INTENTION MISSIONNAIRE - Mois de Juin 2004 : « Pour que la liberté religieuse, droit fondamental de tout être humain, soit toujours mieux respectée dans les Pays d’Asie ». Le commentaire à l’intention missionnaire est rédigé par S. Exc. Mgr Oswald Gracias, Archevêque de Agra en Inde

vendredi, 28 mai 2004

Rome (Agence Fides) - Le monde s’est engagé à promouvoir les droits de l’homme par la Déclaration Universelle des Droits de l’Homme de 1948. Pour beaucoup, cela a été un objectif à atteindre et un idéal à réaliser. Plus de cinquante ans ont passé depuis cette Déclaration, et son influence s’est faite sentir dans plusieurs domaines, comme dans le texte de la Constitution de différents Pays nés après la Déclaration. A l’occasion du 50° anniversaire de la Déclaration, les nombreuses célébrations qui se déroulées dans plusieurs parties du monde, ont montré la réalité : alors que, d’une part, on a enregistré de grands progrès dans ce domaine, il y a d’autre part, de très nombreuses régions du monde où les droits de l’homme ne sont pas encore reconnus et sont bafoués. Notre Saint-Père, le Pape Jean Paul II, a été concrètement un promoteur passionné de la défense des droits de l’homme. Dès sa première Encyclique « Redemptor Hominis » en 1979, il a parlé des fondements des droits de l’homme.

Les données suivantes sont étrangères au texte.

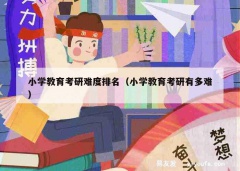 小学教育考研难度排名（小学教育考研有多难）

Mais l’on ne peut pas parler de protéger les Droits de l’Homme dans leur globalité sans une liberté religieuse authentique. Jean Paul II a parlé à plusieurs reprises de cette question. Dans son Message pour la Journée Mondiale de la Paix de 1999, le Saint-Père a parlé amplement de la liberté religieuse. « La religion exprime les aspirations les plus profondes de la personne humaine, elle en détermine la vision du monde, elle en guide le rapport avec les autres : elle offre, au fond, la réponse à la question de la véritable signification de l’existence dans le cadre personnel et social. La liberté religieuse constitue donc le cœur même des droits de l’homme. Elle est tellement inviolable qu’elle exige que l’on reconnaisse à la personne la liberté même de changer de religion, si sa conscience le demande. Chacun, en effet, est tenu de suivre sa propre conscience en toute circonstance, et ne peut être contraint d’agir en opposition avec elle. C’est pourquoi précisément personne ne peut être obligé d’accepter par la force une religion déterminée, quelles qu’en soient les circonstances ou les motivations » (n.5)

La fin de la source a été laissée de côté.